The way I think of this is that there are several ways that people take positions in bank assets. You can be an insured depositor. You can be an uninsured creditor. You can be a shareholder. And you can be a taxpayer who sometimes takes part in bailouts.

As the bank’s capital requirements go up, some of the uninsured creditors and insured depositors have to be induced to become shareholders and/or the bank has to hold fewer assets. Unless the bank is able to offset these effects by taking on higher risk, this will reduce the value of the subsidy provided by taxpayers.

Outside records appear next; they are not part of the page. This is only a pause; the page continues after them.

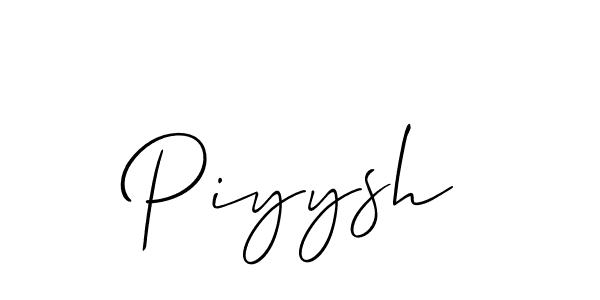 This is the best signature style for the Piyysh name. Also you like these signature font (Allison_Script). Mix name signature. Piyysh signature style 2 images and pictures png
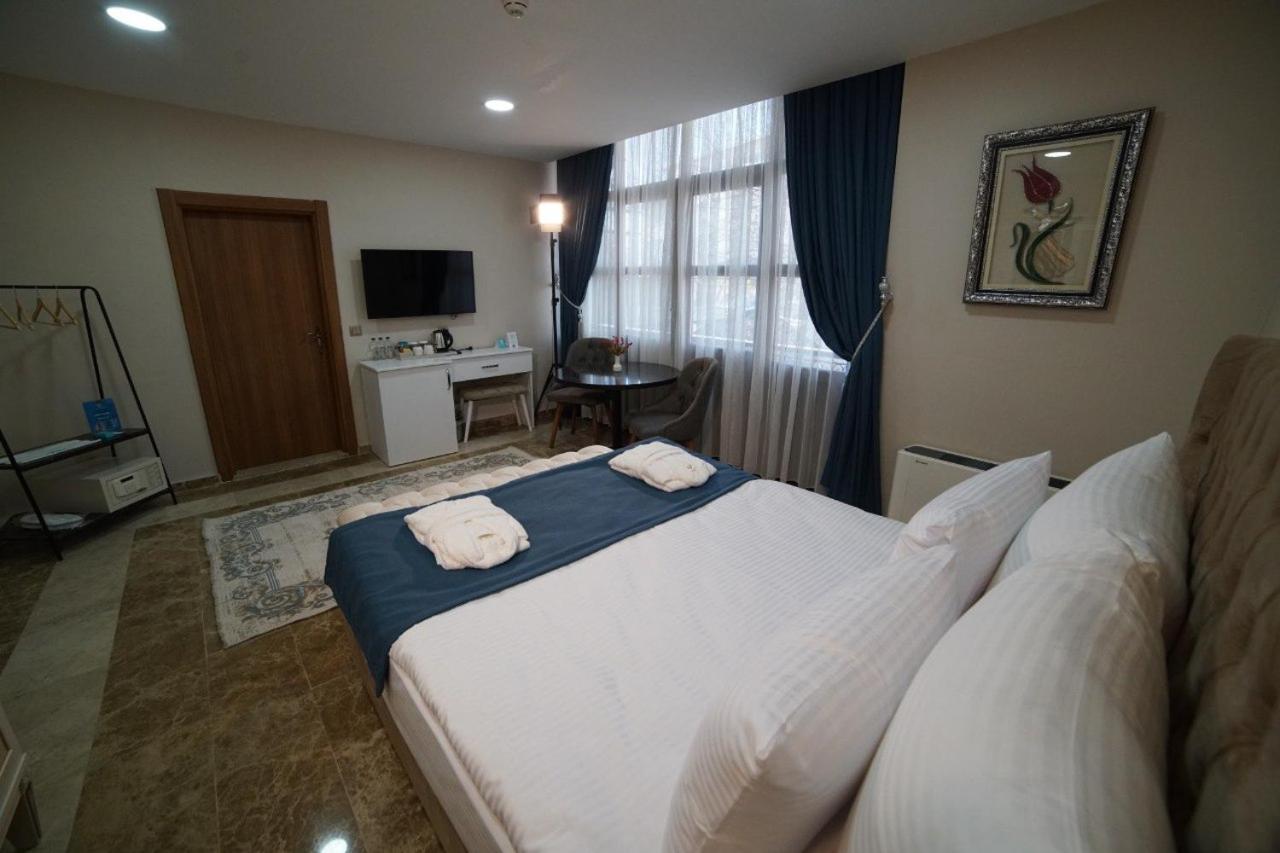 Ve Hotels Adıyaman Exterior foto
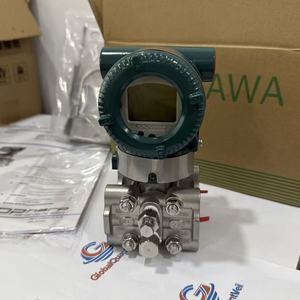 เครื่องวัดอัตราการไหลแบบดิฟเฟอเรนเชียล Yokogawa EJA110E ของแท้จากญี่ปุ่น รองรับสัญญาณ 4-20mA HART สำหรับน้ำมันและก๊าซ วัสดุ 316L มาตรฐาน IP66/IP67 รับประกัน 18 เดือน - Product Image 2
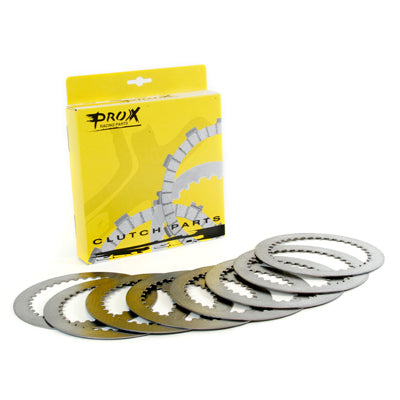 CLUTCH PLATE SPACERS KTM 400/450/530 EXCR '08-'09 (P170-8)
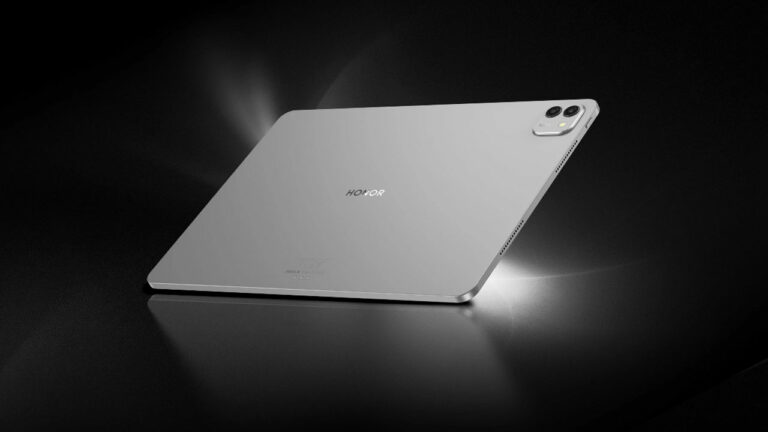 MagicPad 3 Pro Snapdragon 8 Elite Gen 5’li ilk tablet olacak!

It is my view that relatively few people want to hold mutual funds that invest in risky projects. They would prefer instead to be insured depositors. They probably are willing to collectively provide insurance. However, in practice, the government ends up eager to bail out not only insured depositors but uninsured creditors and often shareholders as well.

The Fed and Money Markets

Jon Hilsenrath writes,

Because banks have so much cash, the fed-funds market where they tap reserves experiences very little day-to-day trading. One New York Fed study shows daily trading volume in the market has contracted from an already-thin $200 billion before the financial crisis to nearly $50 billion. Moreover, traditional U.S. commercial banks are especially inactive. The most active players are government sponsored Federal Home Loan Banks and foreign banks.

“The fed funds market is but a shadow of what it was prior to the crisis,” Raymond Stone, an analyst at Stone McCarthy Research, said in a note to clients Wednesday. “It is no longer clear that the funds rate is the key determining factor of the behavior of short-term interest rates.”

Read the whole thing.

The Courage to Desist

Robert Shiller writes,

I wrote with some concern about the high ratio in this space a little over a year ago, when it stood at around 23, far above its 20th-century average of 15.21. (CAPE stands for cyclically adjusted price-earnings.) Now it is above 25, a level that has been surpassed since 1881 in only three previous periods: the years clustered around 1929, 1999 and 2007. Major market drops followed those peaks.

Pointer from Mark Thoma. Here is my take:

1. I think investors look at the zero interest rate on short-term money-market instruments and say, “I can’t possibly settle for that.” As they reach for yield, long-term interest rates fall.

2. At low interest rates, long-term bonds become very speculative investments. A small decline in market interest rates, and the market value of your bonds shoots up. Conversely, it takes only a small increase in market interest rates to create a negative return on a bond mutual fund (holding the actual bond rather than a bond fund avoids marking your losses to market, but on an opportunity-cost basis, an actual bond still gives you a negative return in a rising-rate environment.)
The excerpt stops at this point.